An Olympic bronze medal hangs proudly in the living room of the Pinder residence.

"Been there, in one spot, our whole lives," Brett Pinder, who plays hockey at Royal Military College, says proudly.

Older brother Patrick, the middle of three Pinder brothers to play at RMC, says his father often talked proudly about his 1968 Olympic experience.

"One of his favourite memories (of hockey)," Patrick said.

It wasn't always that way.

"It was by far the best," Gerry Pinder said, "although I didn't quite figure that one out very early."

Pinder, 19 at the time, and his older brother, Herb, were members of the Canadian team that finished third in the hockey tournament of the 10th Winter Olympics in Grenoble, France. Canada wouldn't win another Olympic hockey medal until 1992 but in 1968, for a Canadian hockey team overseas, anything less than gold was unacceptable.

The Grenoble tournament was a round-robin competition, without a playoff round, and as was the custom at the time, the final game pitted Canada against the Soviet Union. A win in that game would give Canada the gold medal, a tie the silver.

When the Canadians lost the game, 5-0, the team was vilified.

"The major reporters out of Toronto and Montreal, they absolutely skewered us for being bums," Gerry Pinder recalled over the phone from California. "We couldn't win gold (s0) we were no good; we didn't represent Canada properly. We left the next morning and it was in the press when we got home.

"I didn't even have a chance to reflect on the accomplishment. I had just missed three weeks of university and had to go right back to school. You put your medal away in a drawer and think about the criticism you took from the Canadian reporters, and it would be several years before I even looked at (the medal) again."

After the Olympics, Pinder had a seven-year big-league professional career. He recalled the disappointment of being with Chicago in 1971 when the Black Hawks lost the seventh game of the Stanley Cup final to Montreal as being similar to how he felt after that gold-medal game in Grenoble.

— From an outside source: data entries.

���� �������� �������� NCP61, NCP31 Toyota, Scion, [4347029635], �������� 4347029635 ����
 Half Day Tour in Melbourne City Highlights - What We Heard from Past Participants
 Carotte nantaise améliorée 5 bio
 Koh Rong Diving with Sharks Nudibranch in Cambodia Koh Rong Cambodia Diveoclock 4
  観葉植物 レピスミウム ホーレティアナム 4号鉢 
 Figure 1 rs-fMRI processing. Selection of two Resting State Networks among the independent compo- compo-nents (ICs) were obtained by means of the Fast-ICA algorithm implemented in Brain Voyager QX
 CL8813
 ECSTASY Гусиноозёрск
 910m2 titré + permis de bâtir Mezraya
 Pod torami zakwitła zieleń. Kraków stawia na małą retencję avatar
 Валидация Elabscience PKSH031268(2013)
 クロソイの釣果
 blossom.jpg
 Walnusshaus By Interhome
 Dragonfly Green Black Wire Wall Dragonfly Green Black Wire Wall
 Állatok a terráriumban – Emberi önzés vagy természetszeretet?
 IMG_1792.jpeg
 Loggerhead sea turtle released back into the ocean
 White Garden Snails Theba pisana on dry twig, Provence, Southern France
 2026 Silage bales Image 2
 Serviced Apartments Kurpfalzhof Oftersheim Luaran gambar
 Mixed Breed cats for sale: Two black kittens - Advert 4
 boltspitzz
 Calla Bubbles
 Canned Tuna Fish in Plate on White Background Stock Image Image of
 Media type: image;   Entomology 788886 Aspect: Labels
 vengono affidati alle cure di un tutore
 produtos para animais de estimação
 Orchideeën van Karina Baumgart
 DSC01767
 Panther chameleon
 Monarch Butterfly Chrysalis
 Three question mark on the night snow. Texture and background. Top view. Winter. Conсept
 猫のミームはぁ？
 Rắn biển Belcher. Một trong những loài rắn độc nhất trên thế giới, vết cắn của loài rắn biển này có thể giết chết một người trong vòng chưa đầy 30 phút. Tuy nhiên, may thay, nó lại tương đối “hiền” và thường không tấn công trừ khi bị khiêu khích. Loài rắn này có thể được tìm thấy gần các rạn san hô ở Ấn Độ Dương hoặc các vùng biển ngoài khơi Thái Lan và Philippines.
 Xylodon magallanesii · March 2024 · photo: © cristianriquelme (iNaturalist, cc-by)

"They always had Russia-Canada last (in international tournaments) because it was almost always for gold," he said. "It was a heck of a game. We were down 2-0, late in the second period, and I got the puck in the slot and let it fly. (Viktor) Konovalenko was the goalie. It hit the top of his stick. It would have made it 2-1 and we would have been back in the game but instead they hammered us in the third period.

"We were very disappointed, but when you reflect back a number of years later, it was a pretty major accomplishment. I would argue that our accomplishment as amateurs against the very best pros from Russia and the other countries - is probably a greater accomplishment than Canada winning in 2010 with all the pros. Not to diminish what they did. It's a tremendous accomplishment and I certainly understand what a great feeling it is playing for your country, but we were all pure amateurs. I think we were on $2,500 scholarships and we were playing against the very best in the world."

Patrick Pinder, who scored a goal Friday in his final intercollegiate game at RMC - one day shy of exactly 46 years after his father scored against Sweden in the Olympics - said his father spoke of the experience.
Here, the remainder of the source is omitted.